How can I split strings based on a list of specific strings (i.e., LTD, CO, LTD CO) and stop the process when first meeting them.

during the process,

1.I expect not to process brackets( i.e., (), [], {}, ' ', " ") and strings among brackets during the process.

2.split the substrings to a new variable 'NAME_address'

for example,

data HAVE;
  input NAME: &$500.;
cards;
3M CO (MINNESOTA MINING AND MANUFACTURING CO) 
3M CO 'MINNESOTA MINING AND MANUFACTURING CO' 
3M CO "MINNESOTA MINING AND MANUFACTURING CO" 


3M CO (MINNESOTA MINING AND MANUFACTURING CO) A LTD IN UK 
3M CO 'MINNESOTA MINING AND MANUFACTURING CO' A UK CO 
3M CO "MINNESOTA MINING AND MANUFACTURING CO" A UK LTD 
ARCH TIMBER PROTECTION LTD A PRIVATE LTD CO ORGANISED UNDER THE LAWS OF THE UNITED KINDGOM 
run;

I expect to get the variable 'NAME_B' and 'NAME_address' from variable 'NAME'

NAME	NAME_B	NAME_address
3M CO (MINNESOTA MINING AND MANUFACTURING CO)	3M CO (MINNESOTA MINING AND MANUFACTURING CO)
3M CO 'MINNESOTA MINING AND MANUFACTURING CO'	3M CO 'MINNESOTA MINING AND MANUFACTURING CO'
3M CO "MINNESOTA MINING AND MANUFACTURING CO"	3M CO "MINNESOTA MINING AND MANUFACTURING CO"
3M CO (MINNESOTA MINING AND MANUFACTURING CO) A LTD IN UK	3M CO (MINNESOTA MINING AND MANUFACTURING CO)	A LTD IN UK
3M CO 'MINNESOTA MINING AND MANUFACTURING CO' A UK CO	3M CO 'MINNESOTA MINING AND MANUFACTURING CO'	A UK CO
3M CO "MINNESOTA MINING AND MANUFACTURING CO" A UK LTD	3M CO "MINNESOTA MINING AND MANUFACTURING CO"	A UK LTD
ARCH TIMBER PROTECTION LTD A PRIVATE LTD CO ORGANISED UNDER THE LAWS OF THE UNITED KINDGOM	ARCH TIMBER PROTECTION LTD	A PRIVATE LTD CO ORGANISED UNDER THE LAWS OF THE UNITED KINDGOM

Could you please give me some suggestions about this? thanks in advance.

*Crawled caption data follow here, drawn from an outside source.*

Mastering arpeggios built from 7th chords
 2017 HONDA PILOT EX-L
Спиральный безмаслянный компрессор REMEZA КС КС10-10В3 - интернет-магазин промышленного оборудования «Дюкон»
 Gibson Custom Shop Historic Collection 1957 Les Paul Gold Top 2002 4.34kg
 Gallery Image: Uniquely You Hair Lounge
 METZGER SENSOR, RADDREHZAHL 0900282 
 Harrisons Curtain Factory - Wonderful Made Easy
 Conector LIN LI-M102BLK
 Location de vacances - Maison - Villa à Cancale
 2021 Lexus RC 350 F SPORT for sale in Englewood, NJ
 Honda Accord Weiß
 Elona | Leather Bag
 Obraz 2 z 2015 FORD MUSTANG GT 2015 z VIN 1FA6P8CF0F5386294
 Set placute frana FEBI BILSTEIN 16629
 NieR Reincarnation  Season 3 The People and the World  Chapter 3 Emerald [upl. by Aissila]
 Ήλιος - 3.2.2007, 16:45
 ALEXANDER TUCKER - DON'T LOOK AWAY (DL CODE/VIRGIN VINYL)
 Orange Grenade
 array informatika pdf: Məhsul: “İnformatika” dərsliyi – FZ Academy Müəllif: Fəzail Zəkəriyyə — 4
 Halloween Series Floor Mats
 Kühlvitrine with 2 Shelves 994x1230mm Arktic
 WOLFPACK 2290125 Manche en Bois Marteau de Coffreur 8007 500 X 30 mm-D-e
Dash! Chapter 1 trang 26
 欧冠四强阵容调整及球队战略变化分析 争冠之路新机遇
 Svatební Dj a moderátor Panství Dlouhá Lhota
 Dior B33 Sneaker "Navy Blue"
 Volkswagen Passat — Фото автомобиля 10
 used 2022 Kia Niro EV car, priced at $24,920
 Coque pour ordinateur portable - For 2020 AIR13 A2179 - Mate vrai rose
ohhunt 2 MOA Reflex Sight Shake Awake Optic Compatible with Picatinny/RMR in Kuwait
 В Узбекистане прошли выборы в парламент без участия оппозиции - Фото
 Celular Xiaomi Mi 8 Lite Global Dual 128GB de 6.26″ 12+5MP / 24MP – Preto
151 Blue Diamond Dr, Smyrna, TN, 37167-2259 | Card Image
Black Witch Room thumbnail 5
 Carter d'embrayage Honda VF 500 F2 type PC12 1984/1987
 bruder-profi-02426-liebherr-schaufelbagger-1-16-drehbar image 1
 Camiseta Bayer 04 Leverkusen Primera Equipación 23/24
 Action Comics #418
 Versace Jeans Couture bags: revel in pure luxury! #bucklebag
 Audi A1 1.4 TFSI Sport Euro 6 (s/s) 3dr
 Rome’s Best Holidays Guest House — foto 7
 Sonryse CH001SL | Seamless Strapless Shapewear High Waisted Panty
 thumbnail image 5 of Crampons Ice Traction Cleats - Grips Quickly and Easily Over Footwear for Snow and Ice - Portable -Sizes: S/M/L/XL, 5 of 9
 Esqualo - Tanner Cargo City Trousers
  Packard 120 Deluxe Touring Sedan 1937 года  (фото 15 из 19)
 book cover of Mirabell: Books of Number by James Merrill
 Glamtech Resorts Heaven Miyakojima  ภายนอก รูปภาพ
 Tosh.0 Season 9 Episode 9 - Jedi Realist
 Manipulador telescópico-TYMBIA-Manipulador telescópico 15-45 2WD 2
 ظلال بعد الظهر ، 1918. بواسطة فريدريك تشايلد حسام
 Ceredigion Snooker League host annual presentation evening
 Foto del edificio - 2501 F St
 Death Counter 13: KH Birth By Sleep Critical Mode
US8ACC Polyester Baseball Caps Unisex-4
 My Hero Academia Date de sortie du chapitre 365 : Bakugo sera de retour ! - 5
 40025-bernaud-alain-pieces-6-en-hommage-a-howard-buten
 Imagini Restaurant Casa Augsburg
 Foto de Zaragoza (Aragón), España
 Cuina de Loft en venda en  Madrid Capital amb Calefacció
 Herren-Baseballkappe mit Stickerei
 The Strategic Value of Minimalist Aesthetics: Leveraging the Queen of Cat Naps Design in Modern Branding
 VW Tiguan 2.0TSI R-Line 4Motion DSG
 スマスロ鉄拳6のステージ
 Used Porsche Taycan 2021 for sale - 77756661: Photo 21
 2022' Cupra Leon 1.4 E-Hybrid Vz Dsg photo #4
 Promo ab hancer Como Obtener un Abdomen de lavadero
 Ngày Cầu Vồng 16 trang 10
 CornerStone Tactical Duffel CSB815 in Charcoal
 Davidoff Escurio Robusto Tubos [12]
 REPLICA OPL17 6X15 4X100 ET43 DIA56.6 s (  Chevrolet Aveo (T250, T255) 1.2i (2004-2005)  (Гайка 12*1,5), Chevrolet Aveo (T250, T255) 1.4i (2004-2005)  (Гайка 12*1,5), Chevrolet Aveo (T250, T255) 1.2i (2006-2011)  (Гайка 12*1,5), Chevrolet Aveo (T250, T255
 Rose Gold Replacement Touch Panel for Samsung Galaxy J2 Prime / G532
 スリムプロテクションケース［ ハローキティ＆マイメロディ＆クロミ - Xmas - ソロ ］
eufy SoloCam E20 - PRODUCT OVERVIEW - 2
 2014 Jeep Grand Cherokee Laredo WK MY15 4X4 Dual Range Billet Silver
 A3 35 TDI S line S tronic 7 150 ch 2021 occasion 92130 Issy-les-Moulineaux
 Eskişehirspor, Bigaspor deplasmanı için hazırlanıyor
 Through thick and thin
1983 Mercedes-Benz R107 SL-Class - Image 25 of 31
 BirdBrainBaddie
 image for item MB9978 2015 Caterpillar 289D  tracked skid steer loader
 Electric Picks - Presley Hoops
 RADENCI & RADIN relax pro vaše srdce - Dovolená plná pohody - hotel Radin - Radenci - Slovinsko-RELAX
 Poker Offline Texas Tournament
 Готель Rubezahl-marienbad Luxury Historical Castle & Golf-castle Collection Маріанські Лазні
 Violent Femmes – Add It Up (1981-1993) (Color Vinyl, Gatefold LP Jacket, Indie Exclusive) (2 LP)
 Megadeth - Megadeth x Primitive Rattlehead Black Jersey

ChrisNZ · Posted 05-13-2019 01:36 AM

This should get you ahead.

data HAVE;
  input NAME :& $500.;
cards;
3M CO (MINNESOTA MINING AND MANUFACTURING CO) 
3M CO 'MINNESOTA MINING AND MANUFACTURING CO' 
3M CO "MINNESOTA MINING AND MANUFACTURING CO" 
3M CO (MINNESOTA MINING AND MANUFACTURING CO) A LTD IN UK 
3M CO 'MINNESOTA MINING AND MANUFACTURING CO' A UK CO 
3M CO "MINNESOTA MINING AND MANUFACTURING CO" A UK LTD 
ARCH TIMBER PROTECTION LTD A PRIVATE LTD CO ORGANISED UNDER THE LAWS OF THE UNITED KINDGOM 
run;    

data WANT;
  set HAVE;
  array SUFFIX[22] $6 _temporary_( 
                        'LTD   '
                        'CO    '  'CO LTD'
                        'INC   '
                        'PLC   '
                        'SPA   '
                        'LLP   '
                        'LLC   '
                        'LC    '
                        'AB    '
                        'AG    '
                        'SA    '
                        'SAS   '
                        'SAL   '
                        'SPA   '
                        'SRO   '
                        'SRL   '
                        'GMBH  '
                        'KK    '
                        'BV    '
                        'CP    '
                        'NL    '
                        ) ;    
  do I=1 to 26;
    STR= '/(.*? '||trim(SUFFIX[I])||'( \(.*\)| ".*"| ''.*'')? )/';
    REGEX= prxparse(STR);
    call prxsubstr(REGEX,NAME,POS,LEN);
    if POS then do;
      SUBSTR1=substr(NAME,POS,LEN);
      output; 
      leave;
    end;
  end;
run;

SUBSTR1
3M CO (MINNESOTA MINING AND MANUFACTURING CO)
3M CO 'MINNESOTA MINING AND MANUFACTURING CO'
3M CO "MINNESOTA MINING AND MANUFACTURING CO"
3M CO (MINNESOTA MINING AND MANUFACTURING CO) A LTD
3M CO 'MINNESOTA MINING AND MANUFACTURING CO' A UK CO
3M CO "MINNESOTA MINING AND MANUFACTURING CO" A UK LTD
ARCH TIMBER PROTECTION LTD

High-Performance SAS Coding - Third Edition

View solution in original post

Patrick · Posted 05-12-2019 02:20 AM

@Alexxxxxxx

Before you even attempt to code for this you need to formulate the rules (exhaustive).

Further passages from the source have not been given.